Always double check opening hours with the venue before making a special visit.

The award-winning Leeds Lit Fest is back, this year running from 14 to 22 June 2025, and bringing together local talent and big-name authors for a lively programme of talks, workshops, performances and spoken word events. Organised by a passionate collective of Leeds-based arts and literature organisations, the festival champions creativity and community, celebrating the written and spoken word in its many forms, and offering plenty of opportunities for audiences to get involved.
We’re looking forward to Wild Women Writing The North (and with a title like that, who wouldn’t be?), seeing author and poet Rachel Bower is in conversation with poet, academic and folklorist Professor Emily Zobel Marshall (Hyde Park Book Club, Monday 17 June, 7pm, £6). Rachel will talk about, and read from, her debut novel It Comes From The River, which came out recently on Bloomsbury, as well as her new poetry collection, Bee (Hazel Press), which features 18 poems exploring the ancient and complicated relationship of help and harm between bees and humans, from Stone Age honey hunters to modern beekeepers. Emily (recently a guest at Chemistry) will share her insights and read from her first poetry collection, Bath of Herbs (Peepal Tree Press), which explores the complexity of mixed-race, hybrid identities and relationships to the English and Welsh mountains, fells, rivers and shorelines from an ‘othered’, unmappable, positionality. The programme says: “Rivers, bees, folklore and wild women. Now that’s a combination you won’t get anywhere else!”

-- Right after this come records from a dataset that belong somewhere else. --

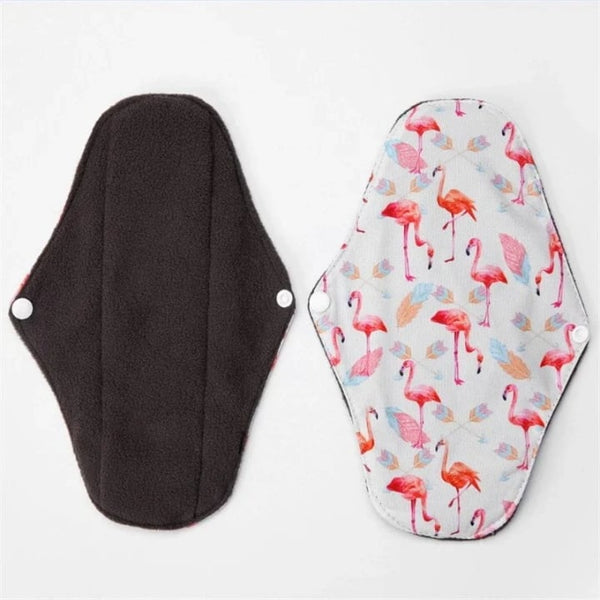 lusailstore - Reusable Mat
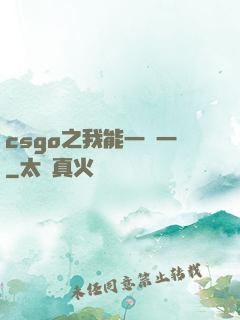csgo之我能一換一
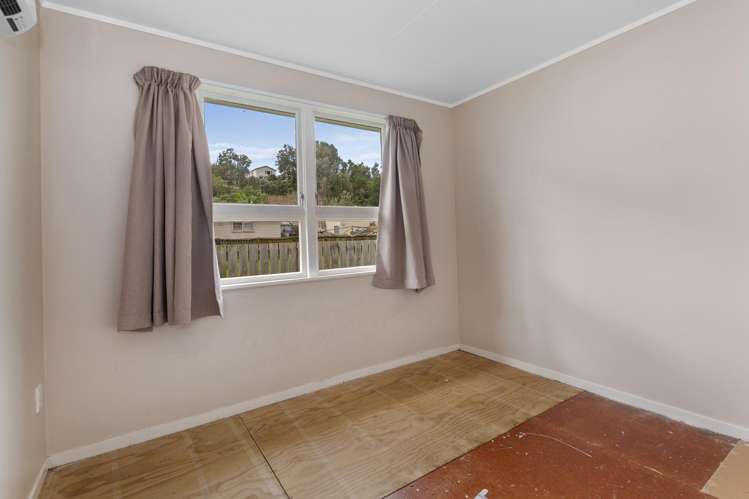 9A and 9B Ngaio Street Onerahi_11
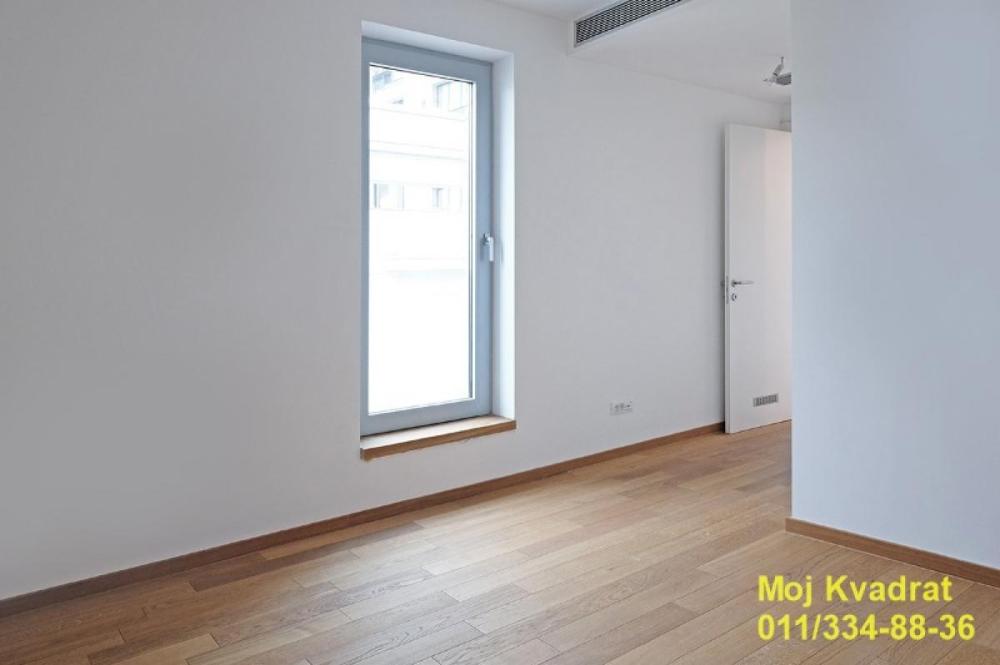 Slika 8 - Petosoban stan na prodaju, 223m2, 1.181.900€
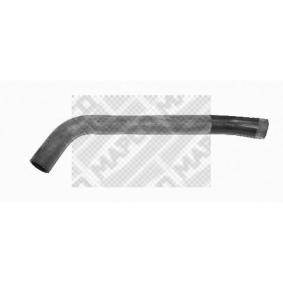 Kühlerschlauch 39217 von MAPCO günstig für 11,78 € online kaufen
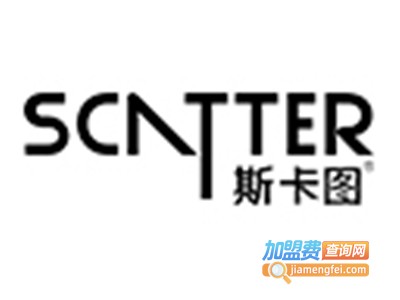 斯卡图硅藻泥加盟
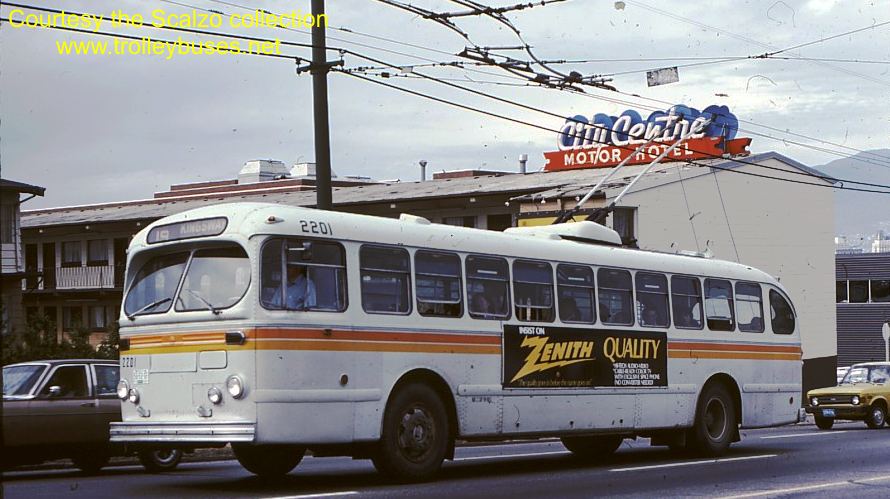 can_m_van_brill_2201_rt19kingsway5th_19810828_ss.jpg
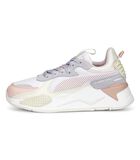 Sneakers Puma Rs-X Candy Wns image number 0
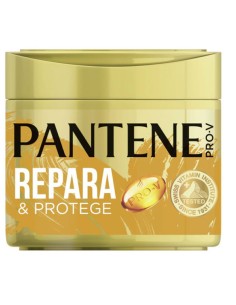 Pantene Pro-V Repara Protege Masque 300ml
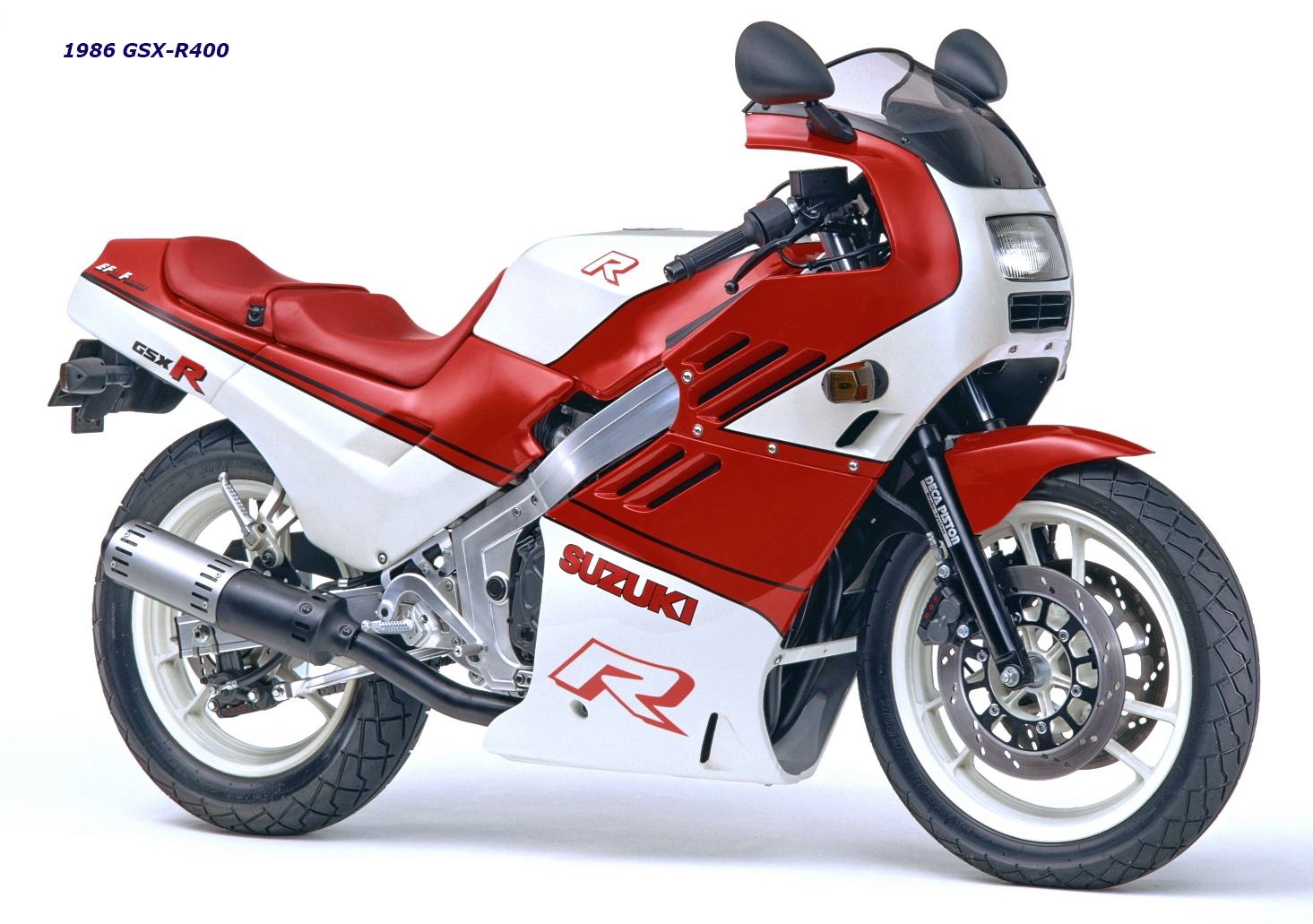 suzuki摩托车gsx250r仪表展示,机车suzukigsx450多少钱几缸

We’ve also got our beady eye on Poetry, Yorkshire and Beyond, bringing together two highly-acclaimed Yorkshire-based writers – Andrew McMillan and Maria Ferguson – for an evening of conversation and performance (Hyde Park Book Club, Wednesday 18 June, 7.30pm, £10). Both are known primarily as poets, but Andrew recently published the highly-acclaimed novel Pity (Canongate), while Maria has written and performed two award-winning one-woman theatre shows. As well as a chat led by acclaimed poet Matt Abbott of LIVEwire Poetry (a Leeds-based national organisation specialising in live events and writer development), Andrew and Maria will be reading from their work. Andrew has published three award-winning collections with Jonathan Cape, physical, playtime and, most recently, pandemonium, and Maria’s second collection, Swell, was published by Penguin in January.

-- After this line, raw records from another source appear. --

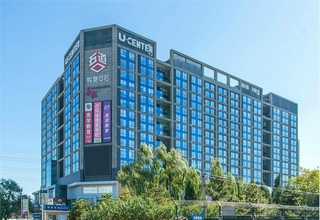 上海排泥阀门多少钱一个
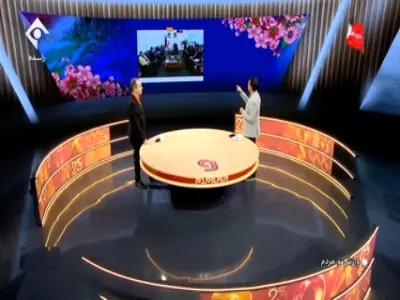  قدم به قدم پرونده آسیایی نشدن چادرملو اردکان | آخرین خبر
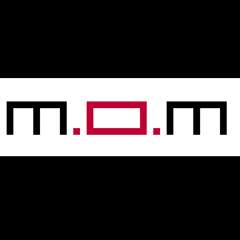 M.O.M.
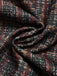 SCH009274 - 8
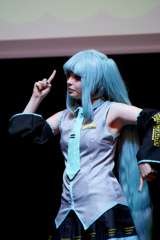 DSC02240_DxO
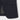 Washable Stretch Glen-Plaid Suit - Navy_08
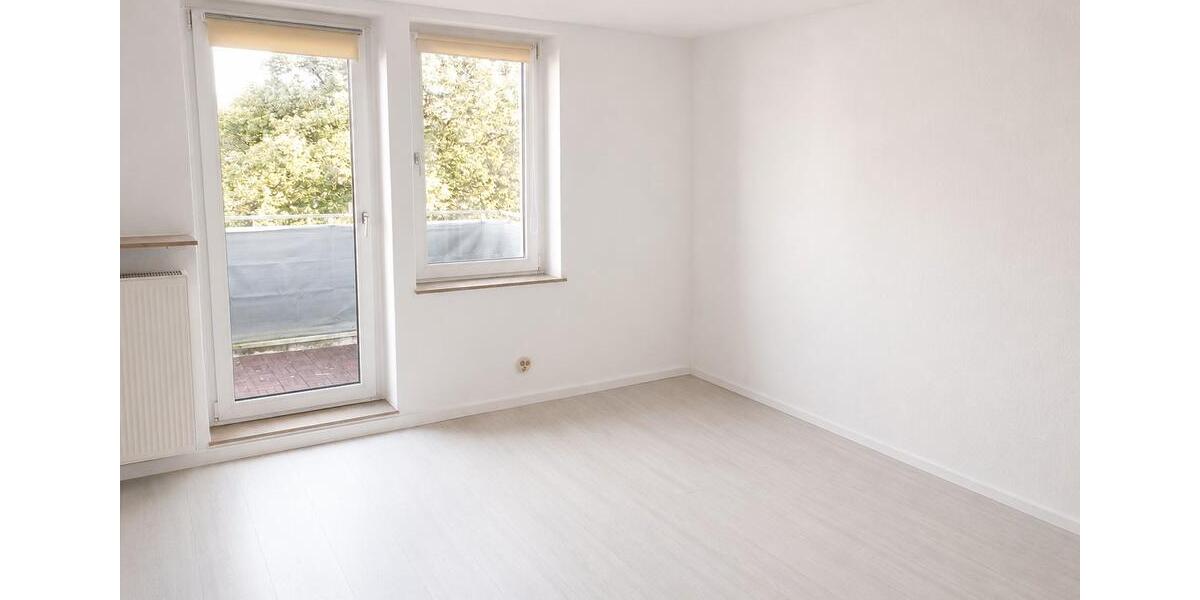 Etagenwohnung Iserlohn Gerlingsen - 2.5 Zimmer, 60 m&sup2;, 119.000&euro; | Angebot:26704526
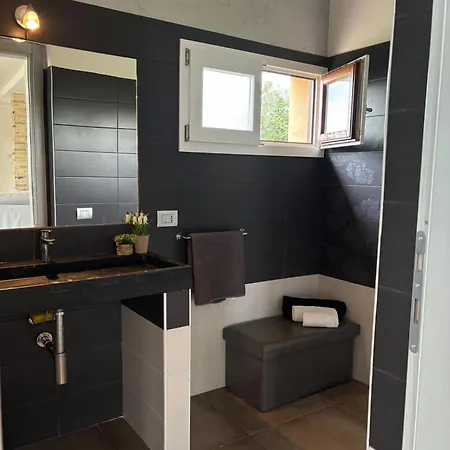 Villa Loft Irene With Private Pool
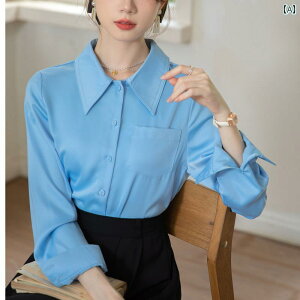 fB[X Vc uEX  t gbvX | XJCu[ |  Tef ؊ tH[} GKg  u₩u[ ItBX JWA Vv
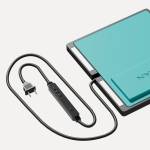 nasan adjustable-temperature-straight-curved-lcd-screen-heating-removal-machine-8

Our third pick is the final festival event (Sunday 22 June, 5pm, £6), when Jo Bell will be presenting her new memoir Boater, A Life On England’s Waterways. A decades-long boater, and liveaboard, poet (and trained archaeologist) Jo was the UK’s inaugural Canal Laureate so she knows a thing or two about her subject – and where better to host a glimpse into the floating world than Leeds’ very own floating bookshop, Hold Fast, onboard National Historic Ship and former Yorkshire Coal Barge Marjorie R (moored at Upper Dock Mooring, Leeds Dock). Blending personal narrative, following a year-long odyssey navigating the country’s canals, and history, Boater reveals the key moments, cultures and communities that have been built along the canal banks – and reflects on how the waterways have been the lifeblood of our country’s development.